On Wednesday, the initial take on the third quarter 2011 Gross Domestic Product (GDP) came in at an unexpected plus 2.5%. In response, I can only imagine that those in the Obama Administration were handing out cigars on the assumption that the economy had just dodged a possible double-dip recession bullet. Then, too, the left-wing media was cheering about it because it is generally assumed a 2.5% GDP growth is the minimum level that's needed to start eating into the unemployment number.
But, before anyone gets too excited, this is only a "first pass" on the GDP number. In each of the next 3 months, that number is subject to revisions. Just last August, the 2nd quarter GDP growth was revised from 1.3% to 1%. Then, in September, it was revised back to 1.3%. But, the real shocker of all revisions came on July 29 of this year when the final number on the first quarter GDP was suddenly dropped from 1.9% (as reported in June) to just .4%. A whopping 475% downward revision.
For me, that 2.5% GDP number has to be suspect.

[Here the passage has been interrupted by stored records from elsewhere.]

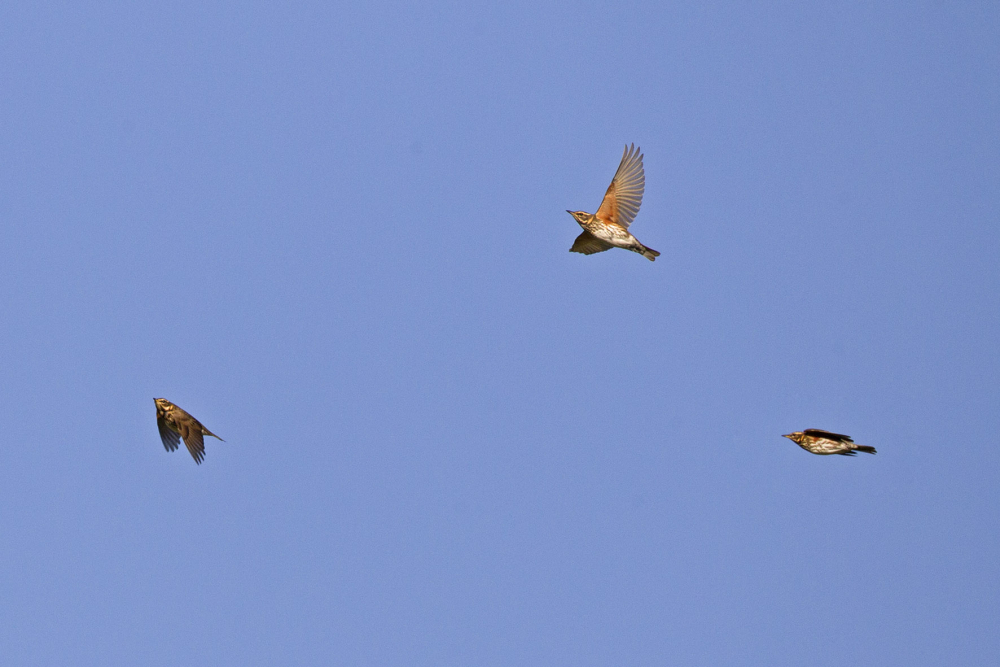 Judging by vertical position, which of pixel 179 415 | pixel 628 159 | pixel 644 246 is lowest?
pixel 179 415

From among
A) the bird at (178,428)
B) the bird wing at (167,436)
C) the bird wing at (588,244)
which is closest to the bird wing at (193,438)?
the bird at (178,428)

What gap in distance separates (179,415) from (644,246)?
49.9 ft

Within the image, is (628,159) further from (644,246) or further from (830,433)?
(830,433)

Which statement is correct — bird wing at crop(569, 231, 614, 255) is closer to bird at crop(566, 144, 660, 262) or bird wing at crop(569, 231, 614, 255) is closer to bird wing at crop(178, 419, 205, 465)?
bird at crop(566, 144, 660, 262)

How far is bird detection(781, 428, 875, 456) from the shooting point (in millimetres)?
36312

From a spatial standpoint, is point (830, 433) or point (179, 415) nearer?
point (830, 433)

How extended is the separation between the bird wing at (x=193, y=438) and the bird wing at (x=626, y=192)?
14.1m

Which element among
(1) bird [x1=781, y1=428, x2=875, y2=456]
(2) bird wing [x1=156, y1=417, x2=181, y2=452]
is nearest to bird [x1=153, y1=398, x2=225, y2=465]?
(2) bird wing [x1=156, y1=417, x2=181, y2=452]

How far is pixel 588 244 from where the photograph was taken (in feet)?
140

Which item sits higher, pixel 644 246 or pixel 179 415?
pixel 644 246

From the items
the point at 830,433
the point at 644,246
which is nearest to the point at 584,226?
the point at 644,246

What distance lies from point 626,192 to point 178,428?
1564cm

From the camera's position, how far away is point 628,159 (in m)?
41.3

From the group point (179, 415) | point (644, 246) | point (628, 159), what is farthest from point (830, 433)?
point (179, 415) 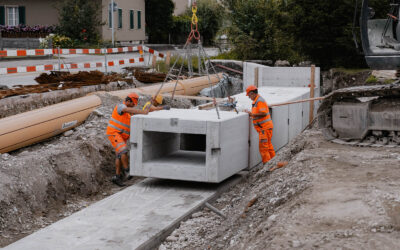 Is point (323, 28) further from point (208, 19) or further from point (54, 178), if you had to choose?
point (208, 19)

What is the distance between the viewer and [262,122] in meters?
11.0

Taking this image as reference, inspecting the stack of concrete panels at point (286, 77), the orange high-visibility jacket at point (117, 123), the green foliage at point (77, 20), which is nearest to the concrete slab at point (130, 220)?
the orange high-visibility jacket at point (117, 123)

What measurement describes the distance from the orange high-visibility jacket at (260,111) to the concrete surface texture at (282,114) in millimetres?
151

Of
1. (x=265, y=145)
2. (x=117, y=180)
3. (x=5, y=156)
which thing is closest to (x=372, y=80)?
(x=265, y=145)

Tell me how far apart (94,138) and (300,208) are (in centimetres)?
672

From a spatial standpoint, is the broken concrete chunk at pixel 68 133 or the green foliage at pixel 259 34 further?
the green foliage at pixel 259 34

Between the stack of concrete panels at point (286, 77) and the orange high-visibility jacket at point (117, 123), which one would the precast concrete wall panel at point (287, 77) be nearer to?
the stack of concrete panels at point (286, 77)

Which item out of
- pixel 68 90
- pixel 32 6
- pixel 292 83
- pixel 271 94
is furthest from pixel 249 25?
pixel 32 6

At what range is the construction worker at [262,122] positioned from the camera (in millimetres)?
10859

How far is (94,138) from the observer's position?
11.8 m

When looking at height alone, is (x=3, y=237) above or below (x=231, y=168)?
below

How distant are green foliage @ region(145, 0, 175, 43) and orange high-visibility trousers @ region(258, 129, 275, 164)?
126 ft

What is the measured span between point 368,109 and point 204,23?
46.3 meters

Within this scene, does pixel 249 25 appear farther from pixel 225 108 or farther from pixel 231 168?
pixel 231 168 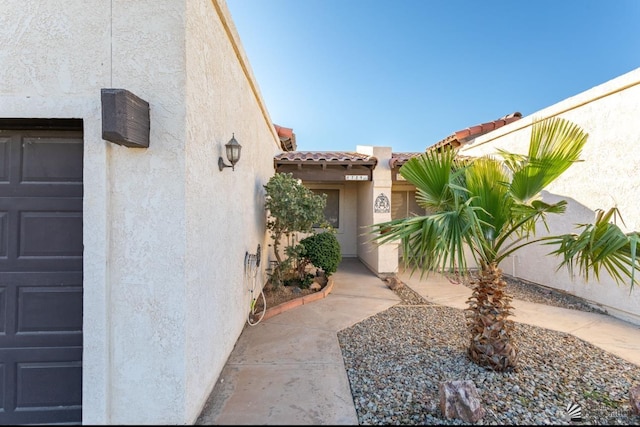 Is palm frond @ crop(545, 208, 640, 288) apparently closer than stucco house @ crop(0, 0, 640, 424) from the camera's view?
No

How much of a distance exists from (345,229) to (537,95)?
10903 mm

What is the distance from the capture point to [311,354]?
3908 millimetres

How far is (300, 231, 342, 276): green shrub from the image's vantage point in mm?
7049

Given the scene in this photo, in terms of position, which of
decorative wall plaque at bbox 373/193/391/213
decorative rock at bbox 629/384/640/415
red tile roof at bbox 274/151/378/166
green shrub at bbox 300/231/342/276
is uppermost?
red tile roof at bbox 274/151/378/166

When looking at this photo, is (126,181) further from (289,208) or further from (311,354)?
(289,208)

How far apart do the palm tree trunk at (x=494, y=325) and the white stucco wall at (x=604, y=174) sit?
8.05ft

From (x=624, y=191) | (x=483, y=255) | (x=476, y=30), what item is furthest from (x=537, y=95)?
(x=483, y=255)

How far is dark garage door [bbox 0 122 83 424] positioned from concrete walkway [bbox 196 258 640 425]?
1435 millimetres

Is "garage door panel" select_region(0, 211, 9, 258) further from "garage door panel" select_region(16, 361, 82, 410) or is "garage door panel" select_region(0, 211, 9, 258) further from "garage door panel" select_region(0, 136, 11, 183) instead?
"garage door panel" select_region(16, 361, 82, 410)

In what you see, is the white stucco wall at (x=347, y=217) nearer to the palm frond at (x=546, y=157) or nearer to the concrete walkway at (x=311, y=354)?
the concrete walkway at (x=311, y=354)

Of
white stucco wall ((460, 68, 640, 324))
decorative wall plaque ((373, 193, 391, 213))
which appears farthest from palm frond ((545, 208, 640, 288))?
decorative wall plaque ((373, 193, 391, 213))

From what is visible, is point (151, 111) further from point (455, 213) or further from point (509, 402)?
point (509, 402)

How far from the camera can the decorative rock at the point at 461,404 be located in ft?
8.52

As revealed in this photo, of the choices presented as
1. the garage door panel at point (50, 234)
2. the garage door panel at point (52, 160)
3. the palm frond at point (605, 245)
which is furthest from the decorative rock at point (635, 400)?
the garage door panel at point (52, 160) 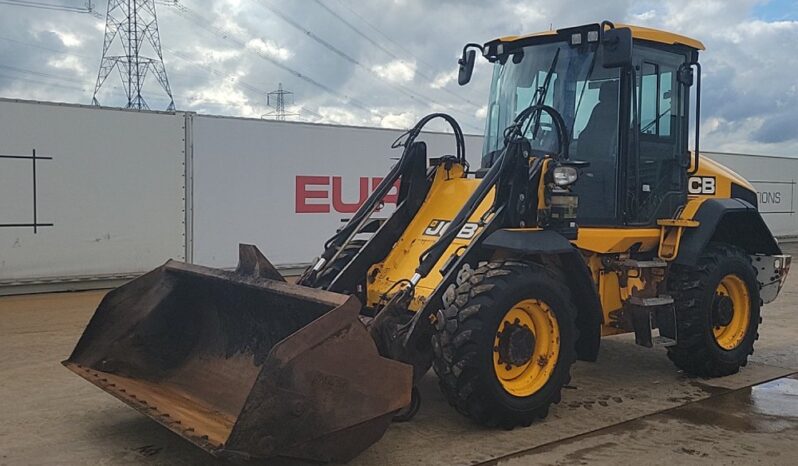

That's because, in a separate report, just released this morning, the consumer, while spending more, seems to be struggling with disposable income falling for the 3rd straight month; real wages stalling; and people being forced to eat into their savings to pay the bills. (Click here to See Story: Consumer spending up in September on savings) Certainly, that's not a formula for a healthy economy and that's why I think the 2.5% GDP growth figure might just be overstated and due for some forthcoming downward revisions. And, for sure, this also casts doubt on having a strong 4th quarter GDP number.